# EXERCISE GOAL
Read through the data, and wherever a line holds the word "Photo", write that line out.

(Short web captions)
▽

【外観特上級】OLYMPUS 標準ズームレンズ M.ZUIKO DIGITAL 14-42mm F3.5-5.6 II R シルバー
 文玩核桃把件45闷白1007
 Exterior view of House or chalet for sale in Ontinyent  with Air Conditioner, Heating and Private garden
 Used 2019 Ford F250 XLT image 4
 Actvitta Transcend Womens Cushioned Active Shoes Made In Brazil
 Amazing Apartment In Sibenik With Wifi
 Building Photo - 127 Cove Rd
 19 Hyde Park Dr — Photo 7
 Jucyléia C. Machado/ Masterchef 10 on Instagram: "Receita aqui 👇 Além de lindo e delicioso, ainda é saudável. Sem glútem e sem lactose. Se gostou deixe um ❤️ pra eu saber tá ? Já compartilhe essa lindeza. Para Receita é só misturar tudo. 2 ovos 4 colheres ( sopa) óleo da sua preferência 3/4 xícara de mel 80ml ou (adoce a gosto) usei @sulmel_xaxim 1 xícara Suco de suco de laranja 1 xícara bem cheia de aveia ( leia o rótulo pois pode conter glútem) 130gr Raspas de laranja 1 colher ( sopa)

△

# RESPONSE
 Building Photo - 127 Cove Rd
 19 Hyde Park Dr — Photo 7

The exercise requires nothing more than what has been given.